_DIRECTIONS FOR THIS TASK_
The answer must be an exact copy of every record below.
#### DATA TO USE ####
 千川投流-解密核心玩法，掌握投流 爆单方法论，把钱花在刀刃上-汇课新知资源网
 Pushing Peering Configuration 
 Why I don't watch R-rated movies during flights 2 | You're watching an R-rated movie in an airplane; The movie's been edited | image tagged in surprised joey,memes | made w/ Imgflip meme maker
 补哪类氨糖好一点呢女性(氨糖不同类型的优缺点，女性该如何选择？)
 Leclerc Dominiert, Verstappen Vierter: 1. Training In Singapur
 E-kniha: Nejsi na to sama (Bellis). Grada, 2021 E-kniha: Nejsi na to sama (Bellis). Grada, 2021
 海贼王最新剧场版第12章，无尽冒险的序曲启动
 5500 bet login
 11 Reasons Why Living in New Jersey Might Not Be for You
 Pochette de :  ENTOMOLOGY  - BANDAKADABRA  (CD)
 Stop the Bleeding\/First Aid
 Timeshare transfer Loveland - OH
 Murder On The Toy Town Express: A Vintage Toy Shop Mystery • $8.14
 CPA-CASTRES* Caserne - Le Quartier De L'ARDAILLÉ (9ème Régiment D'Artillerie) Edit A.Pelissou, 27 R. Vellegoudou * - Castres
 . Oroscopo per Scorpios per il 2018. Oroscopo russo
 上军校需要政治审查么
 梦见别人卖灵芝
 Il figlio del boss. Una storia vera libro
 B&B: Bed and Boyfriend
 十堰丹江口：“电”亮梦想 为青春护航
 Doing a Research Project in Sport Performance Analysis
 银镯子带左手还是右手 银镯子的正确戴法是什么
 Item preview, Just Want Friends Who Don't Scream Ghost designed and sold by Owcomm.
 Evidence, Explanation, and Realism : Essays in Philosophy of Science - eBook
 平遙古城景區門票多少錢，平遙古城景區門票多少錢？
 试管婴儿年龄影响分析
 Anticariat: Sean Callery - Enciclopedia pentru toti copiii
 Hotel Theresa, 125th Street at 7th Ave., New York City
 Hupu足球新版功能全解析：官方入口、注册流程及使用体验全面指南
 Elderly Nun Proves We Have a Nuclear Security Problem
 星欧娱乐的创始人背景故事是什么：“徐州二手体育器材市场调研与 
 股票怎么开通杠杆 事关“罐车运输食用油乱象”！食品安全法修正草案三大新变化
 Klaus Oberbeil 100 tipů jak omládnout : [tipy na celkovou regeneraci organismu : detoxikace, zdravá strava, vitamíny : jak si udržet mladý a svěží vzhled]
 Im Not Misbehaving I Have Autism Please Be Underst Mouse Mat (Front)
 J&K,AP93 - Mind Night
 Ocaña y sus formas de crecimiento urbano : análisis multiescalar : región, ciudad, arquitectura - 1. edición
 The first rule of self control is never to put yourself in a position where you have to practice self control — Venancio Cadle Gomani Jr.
####
_ANSWER SPACE_
 千川投流-解密核心玩法，掌握投流 爆单方法论，把钱花在刀刃上-汇课新知资源网
 Pushing Peering Configuration 
 Why I don't watch R-rated movies during flights 2 | You're watching an R-rated movie in an airplane; The movie's been edited | image tagged in surprised joey,memes | made w/ Imgflip meme maker
 补哪类氨糖好一点呢女性(氨糖不同类型的优缺点，女性该如何选择？)
 Leclerc Dominiert, Verstappen Vierter: 1. Training In Singapur
 E-kniha: Nejsi na to sama (Bellis). Grada, 2021 E-kniha: Nejsi na to sama (Bellis). Grada, 2021
 海贼王最新剧场版第12章，无尽冒险的序曲启动
 5500 bet login
 11 Reasons Why Living in New Jersey Might Not Be for You
 Pochette de :  ENTOMOLOGY  - BANDAKADABRA  (CD)
 Stop the Bleeding\/First Aid
 Timeshare transfer Loveland - OH
 Murder On The Toy Town Express: A Vintage Toy Shop Mystery • $8.14
 CPA-CASTRES* Caserne - Le Quartier De L'ARDAILLÉ (9ème Régiment D'Artillerie) Edit A.Pelissou, 27 R. Vellegoudou * - Castres
 . Oroscopo per Scorpios per il 2018. Oroscopo russo
 上军校需要政治审查么
 梦见别人卖灵芝
 Il figlio del boss. Una storia vera libro
 B&B: Bed and Boyfriend
 十堰丹江口：“电”亮梦想 为青春护航
 Doing a Research Project in Sport Performance Analysis
 银镯子带左手还是右手 银镯子的正确戴法是什么
 Item preview, Just Want Friends Who Don't Scream Ghost designed and sold by Owcomm.
 Evidence, Explanation, and Realism : Essays in Philosophy of Science - eBook
 平遙古城景區門票多少錢，平遙古城景區門票多少錢？
 试管婴儿年龄影响分析
 Anticariat: Sean Callery - Enciclopedia pentru toti copiii
 Hotel Theresa, 125th Street at 7th Ave., New York City
 Hupu足球新版功能全解析：官方入口、注册流程及使用体验全面指南
 Elderly Nun Proves We Have a Nuclear Security Problem
 星欧娱乐的创始人背景故事是什么：“徐州二手体育器材市场调研与 
 股票怎么开通杠杆 事关“罐车运输食用油乱象”！食品安全法修正草案三大新变化
 Klaus Oberbeil 100 tipů jak omládnout : [tipy na celkovou regeneraci organismu : detoxikace, zdravá strava, vitamíny : jak si udržet mladý a svěží vzhled]
 Im Not Misbehaving I Have Autism Please Be Underst Mouse Mat (Front)
 J&K,AP93 - Mind Night
 Ocaña y sus formas de crecimiento urbano : análisis multiescalar : región, ciudad, arquitectura - 1. edición
 The first rule of self control is never to put yourself in a position where you have to practice self control — Venancio Cadle Gomani Jr.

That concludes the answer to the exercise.